Реальная демократия у нас не в прошлом, а в будущем. Бессмысленно сейчас говорить о разочаровании в том, чего еще толком не было. Проблемы, связанные с путинской политической системой, никак не определяются разочарованием в такой плохо понятной вещи, как «демократия». Хотя, конечно, разочарованием они действительно определяются. Только разочаровывался народ совсем другим.
Трагедия российского ВПК
Реформы 1990-х гг. породили в России множество недовольных. И эти недовольные ждали спасителя, который навел бы порядок в стране и избавил бы российское общество от всяческих бедствий — от потери работы, задержек зарплат, обесценивания доходов и сбережений.
Не стоит идеализировать реформы. При их проведении народу выживать было очень трудно. Большое число людей, проигравших от рыночных преобразований, — это не миф, а реальность. Но не стоит впадать и в другую крайность — делать вид, будто при ином варианте проведения реформ пострадавших у нас не было бы. Страдали люди, увы, не столько от самих преобразований, сколько от характера экономической системы, которую пришлось реформировать. Главная ее особенность состояла в гипертрофированном военно-промышленном комплексе (ВПК). В СССР, долгое время пытавшемся поддерживать паритет с США в гонке вооружений, ВПК был чрезвычайно сильно развит. Оборонные расходы Советского Союза, как правило, превышали в послевоенный период 20% валового продукта. Доля военной продукции в общем выпуске промышленной продукции превышала, по некоторым оценкам, 40%.

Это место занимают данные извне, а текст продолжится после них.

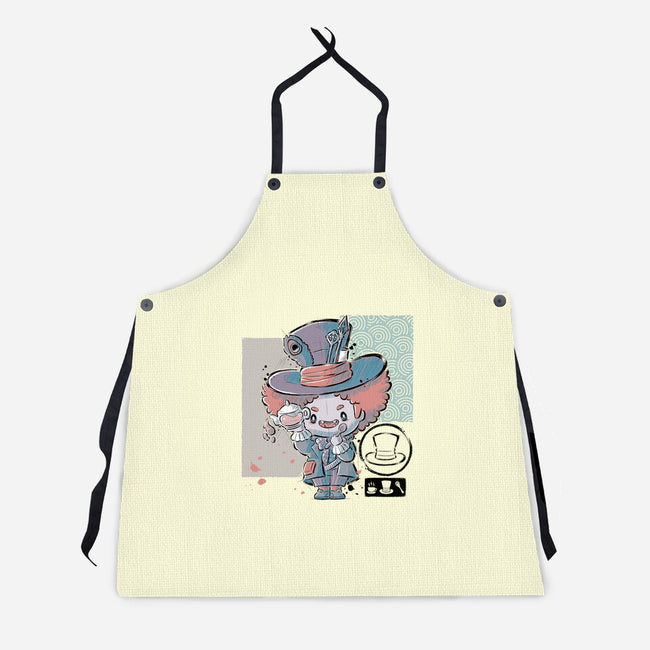 Cute Hatter-unisex kitchen apron-xMorfina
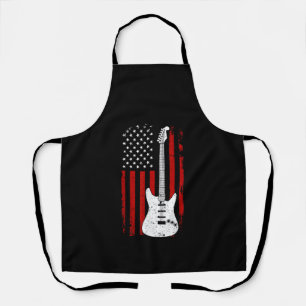 Delantal Guitarra Música Americana de EE. UU. Reproductor d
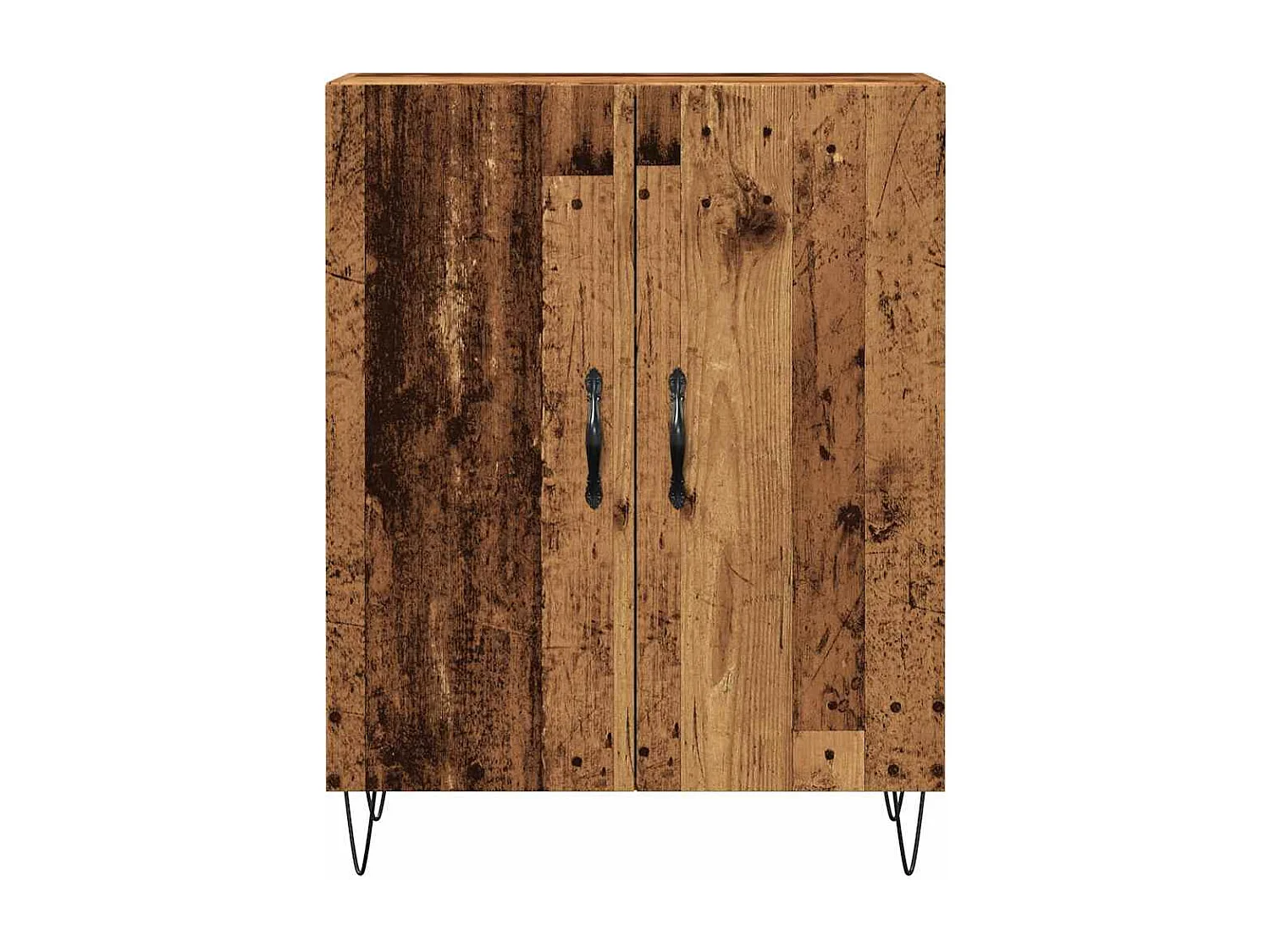 Credenza | Buffet | Armadio Legno Antico 69,5x34x90 cm in Legno Multistrato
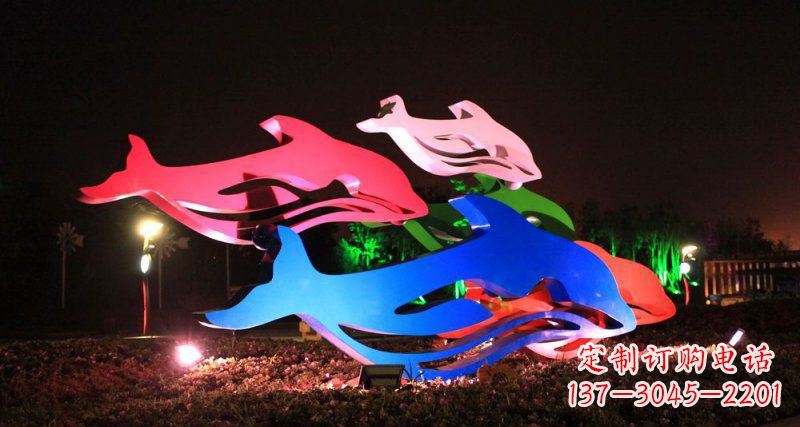 常州海豚雕塑传承海洋文化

Лишь крайне малую часть техники, создаваемой ВПК, можно было продавать на мировом рынке за реальные деньги, используемые потом для импорта потребительских товаров. А в основном содержать предприятия и институты «оборонки» приходилось за счет госбюджета. Он формировался из средств тех предприятий, которые делали для народа что-то полезное. В СССР для нужд ВПК спокойно брали деньги с хороших заводов, но в рыночной экономике эти предприятия уже нельзя было обирать до нитки, поскольку тогда они не имели бы стимулов работать на потребителя, решать проблему товарного дефицита.